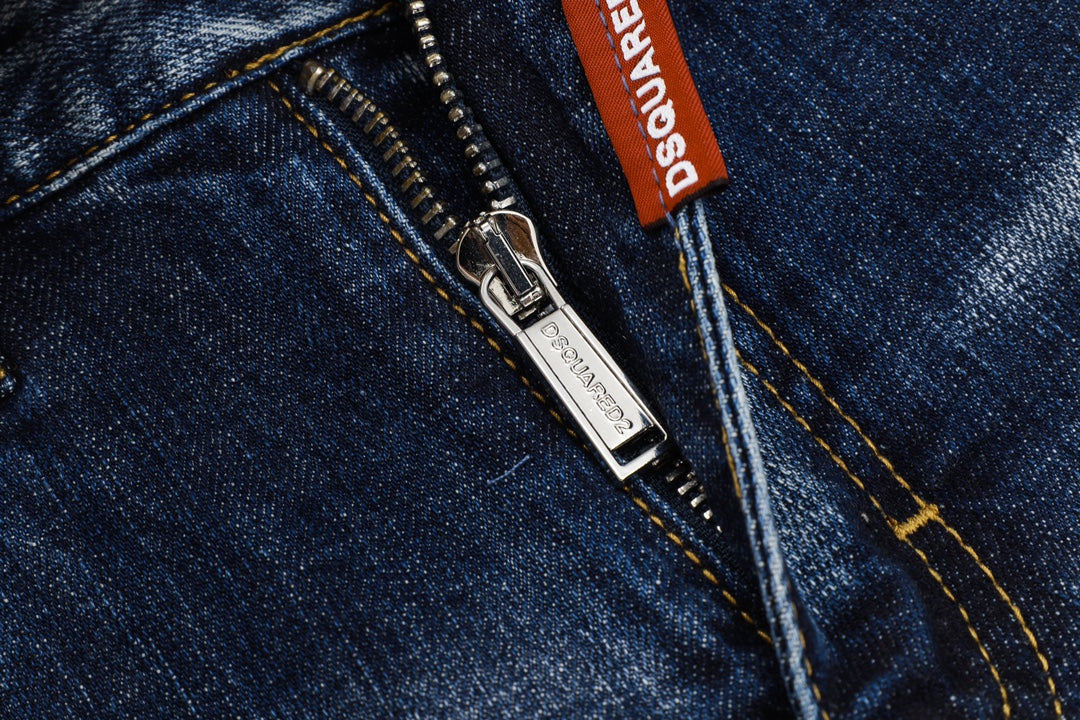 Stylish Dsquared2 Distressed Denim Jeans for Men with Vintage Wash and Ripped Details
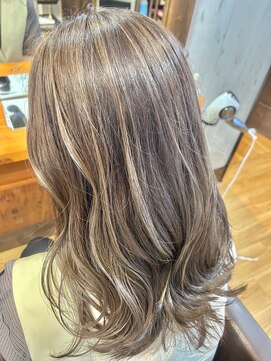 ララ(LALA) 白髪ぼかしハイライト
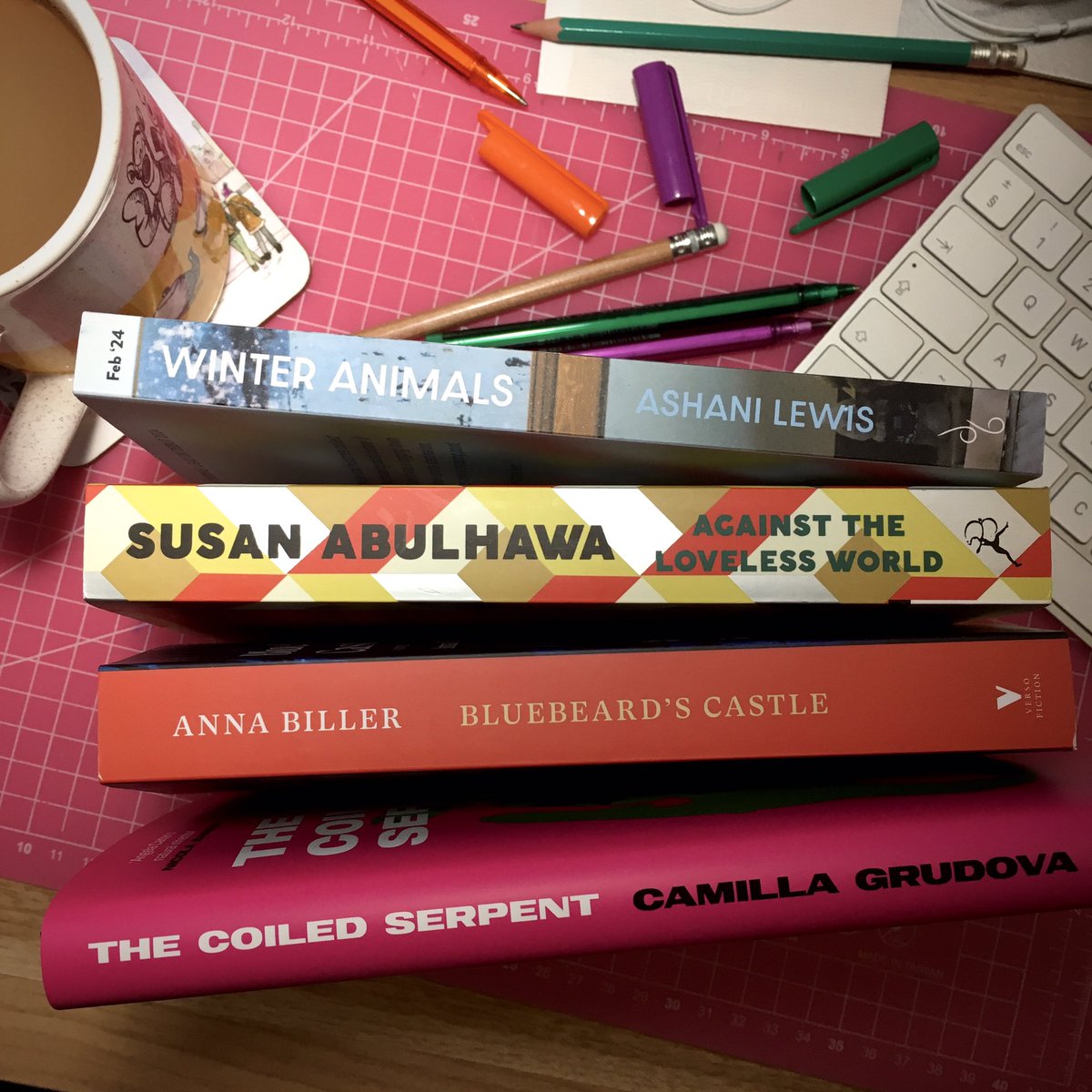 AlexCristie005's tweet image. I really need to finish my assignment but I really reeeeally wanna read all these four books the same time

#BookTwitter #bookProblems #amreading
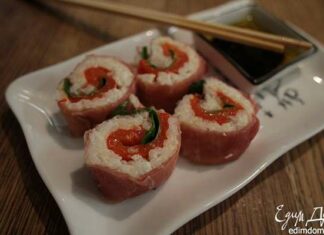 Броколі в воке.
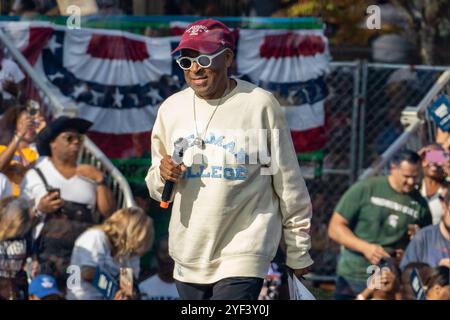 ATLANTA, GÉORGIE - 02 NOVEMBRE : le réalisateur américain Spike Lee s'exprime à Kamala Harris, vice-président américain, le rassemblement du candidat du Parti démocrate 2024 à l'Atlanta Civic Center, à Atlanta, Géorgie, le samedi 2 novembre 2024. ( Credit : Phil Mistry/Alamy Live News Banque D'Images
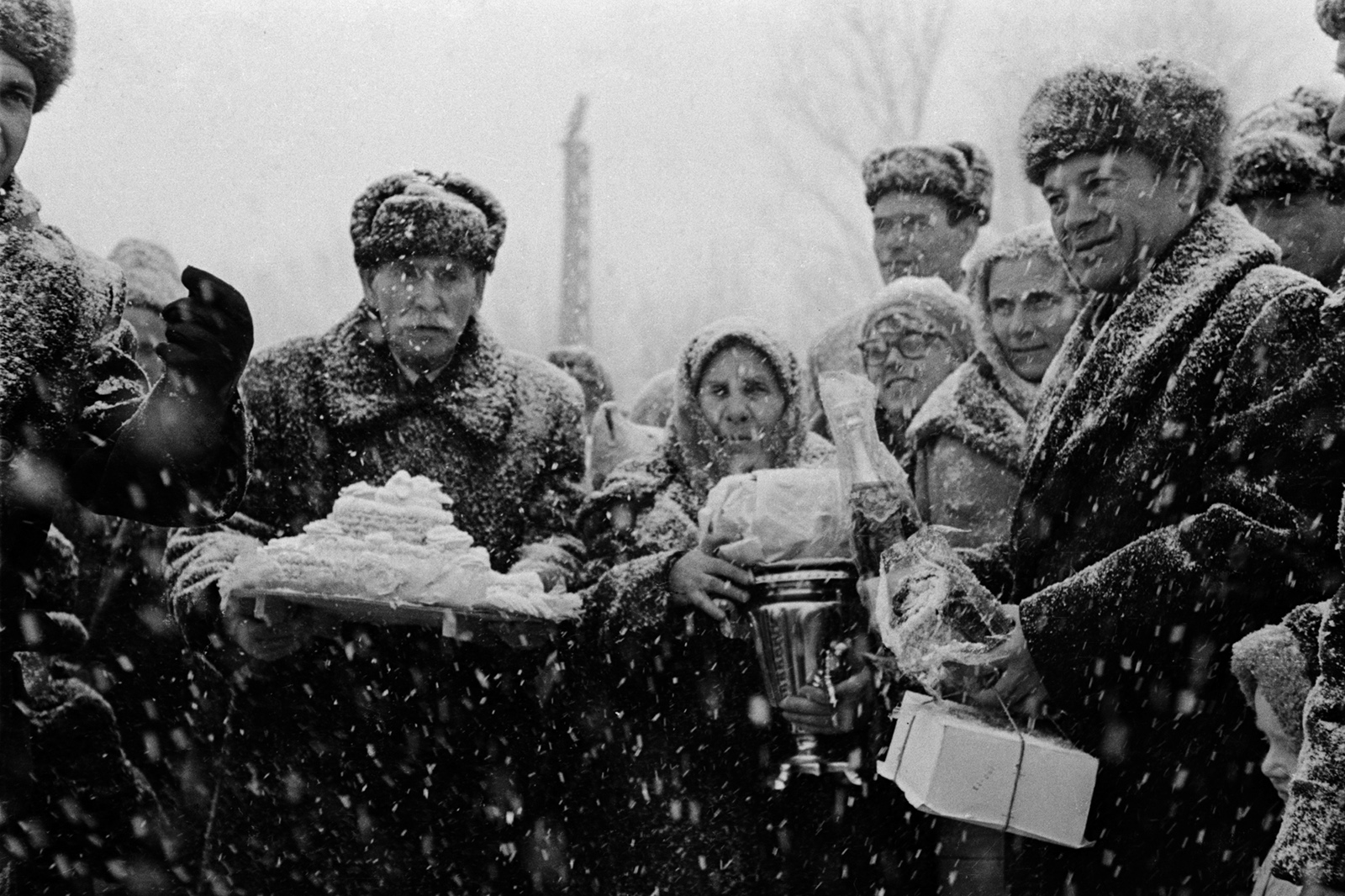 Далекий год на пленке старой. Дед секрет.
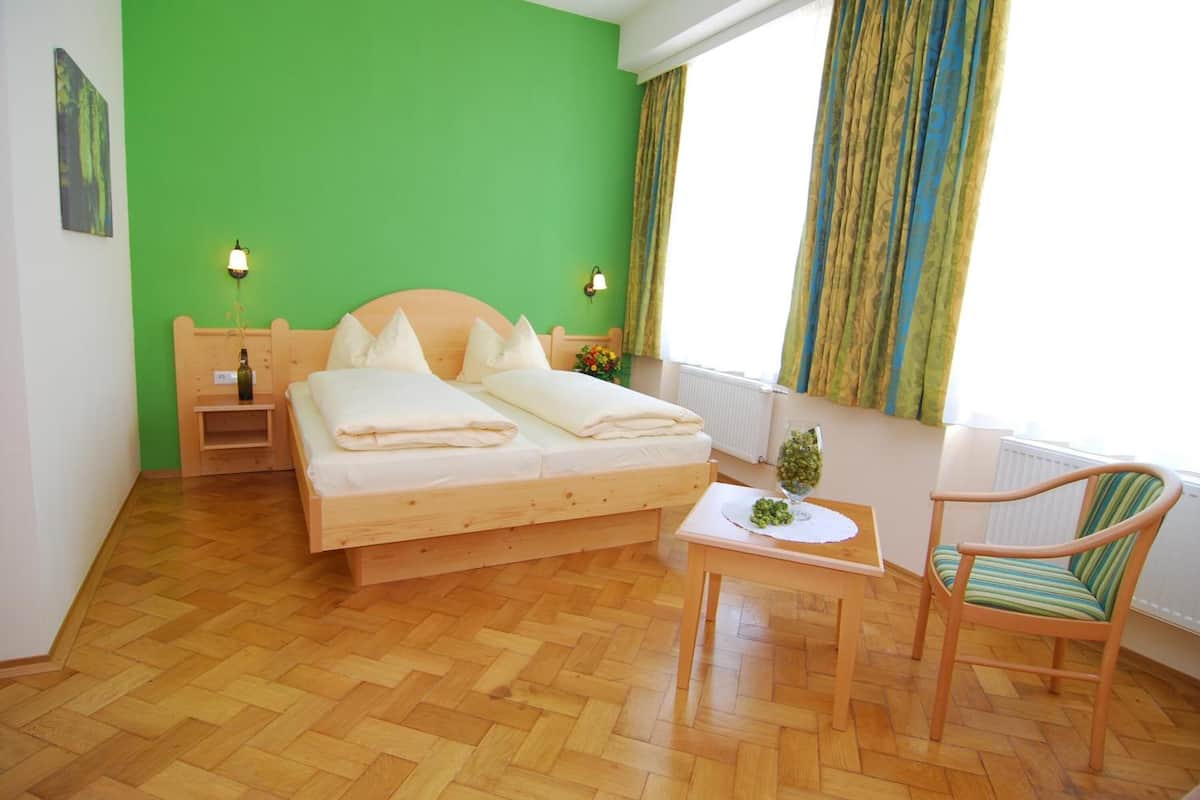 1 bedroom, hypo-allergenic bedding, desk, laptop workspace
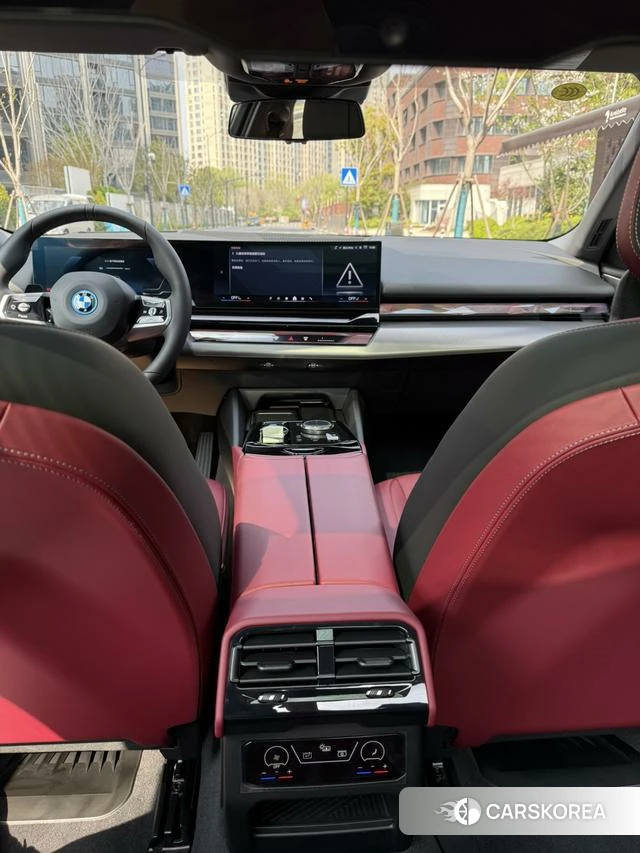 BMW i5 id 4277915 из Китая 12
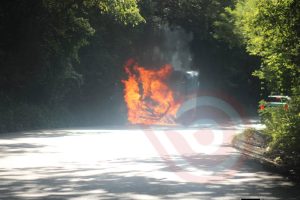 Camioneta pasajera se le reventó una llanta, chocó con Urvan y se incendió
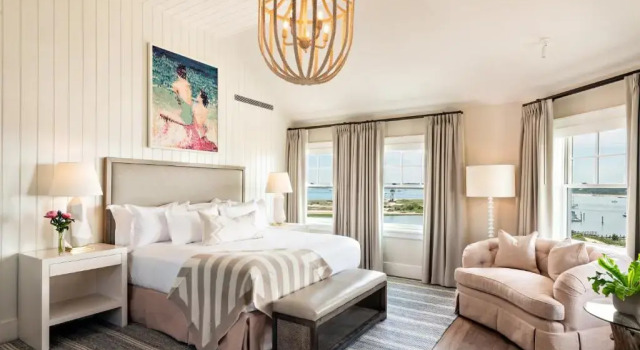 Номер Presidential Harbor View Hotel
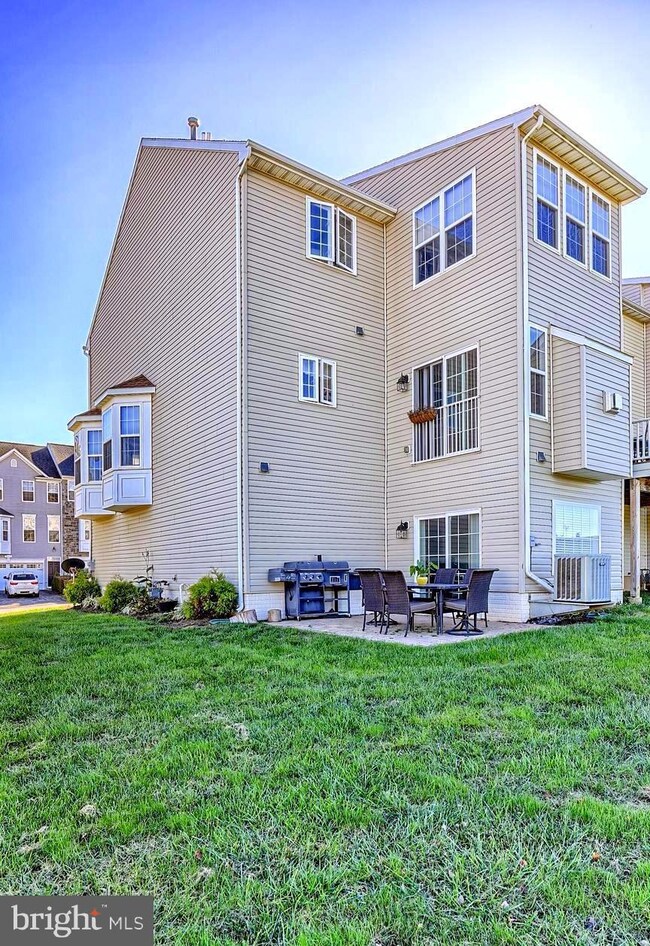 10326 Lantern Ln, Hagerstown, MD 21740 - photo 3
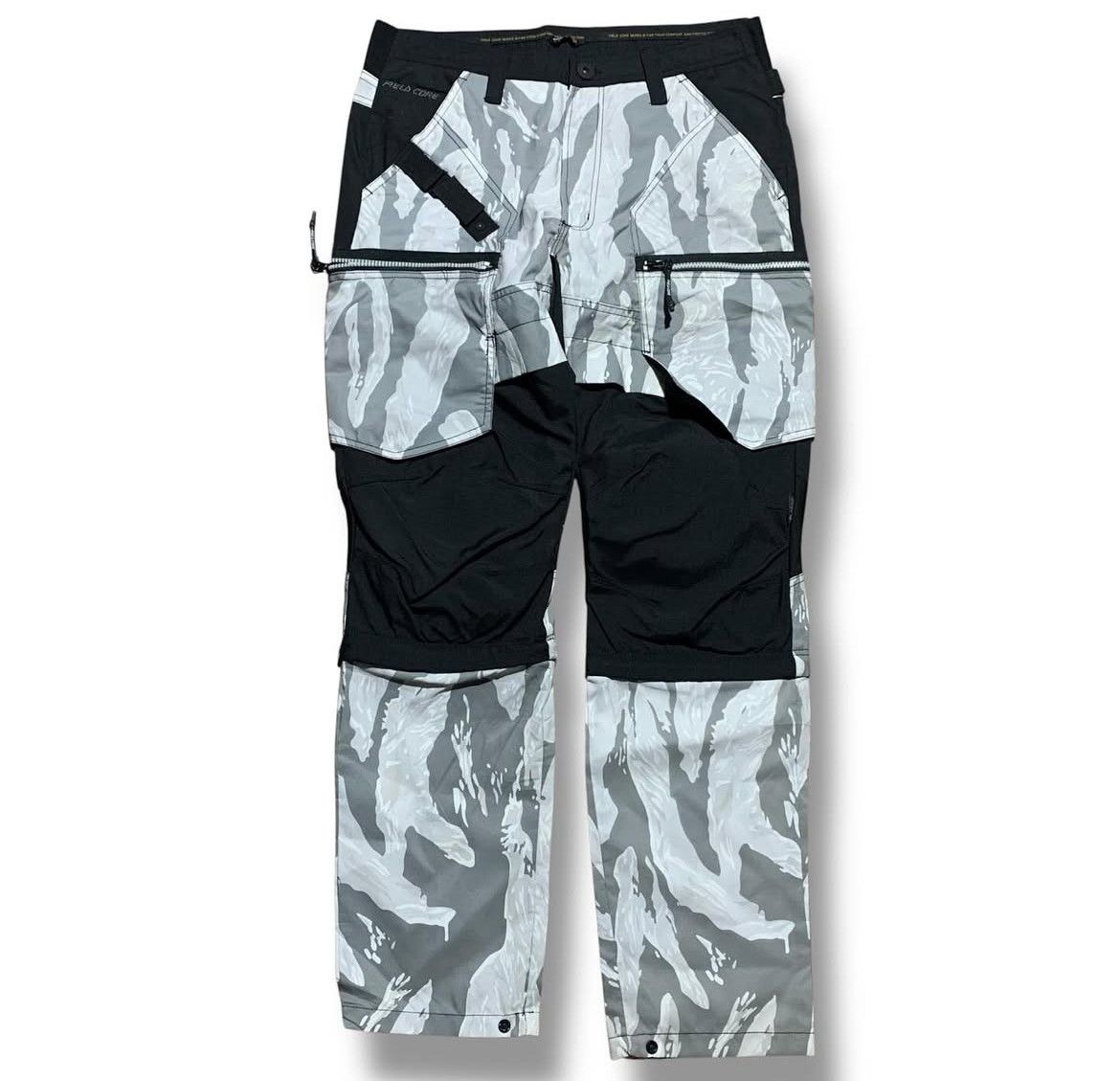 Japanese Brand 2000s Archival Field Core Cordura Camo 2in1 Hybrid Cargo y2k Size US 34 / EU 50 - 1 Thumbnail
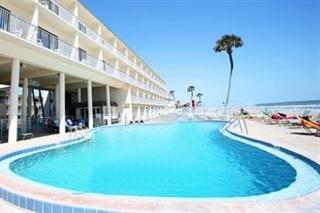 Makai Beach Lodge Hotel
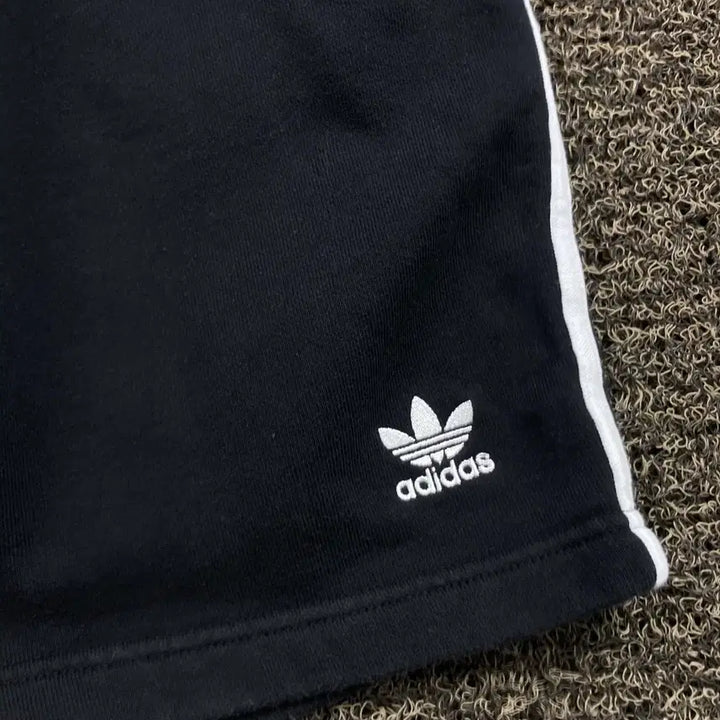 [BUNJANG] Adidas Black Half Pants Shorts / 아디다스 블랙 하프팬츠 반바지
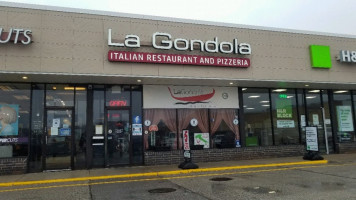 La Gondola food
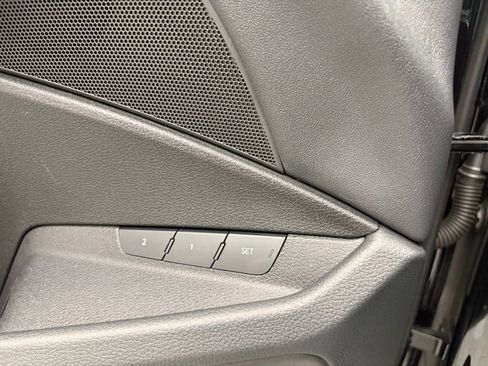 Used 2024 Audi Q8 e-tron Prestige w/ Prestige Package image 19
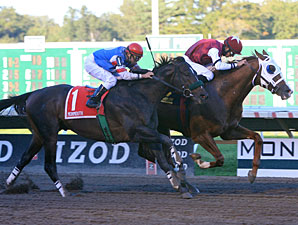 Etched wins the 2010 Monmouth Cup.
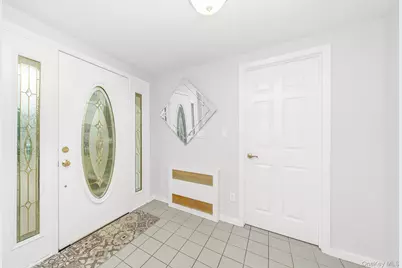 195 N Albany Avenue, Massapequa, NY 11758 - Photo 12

####

- _TASK BRIEF_: Going from the line that holds "10326 Lantern Ln, Hagerstown, MD" to the end of the listing above, copy each line exactly and nothing more, leaving pictures aside.

- _EXERCISE OUTPUT_:
 10326 Lantern Ln, Hagerstown, MD 21740 - photo 3
 Japanese Brand 2000s Archival Field Core Cordura Camo 2in1 Hybrid Cargo y2k Size US 34 / EU 50 - 1 Thumbnail
 Makai Beach Lodge Hotel
 [BUNJANG] Adidas Black Half Pants Shorts / 아디다스 블랙 하프팬츠 반바지
 La Gondola food
 Used 2024 Audi Q8 e-tron Prestige w/ Prestige Package image 19
 Etched wins the 2010 Monmouth Cup.
 195 N Albany Avenue, Massapequa, NY 11758 - Photo 12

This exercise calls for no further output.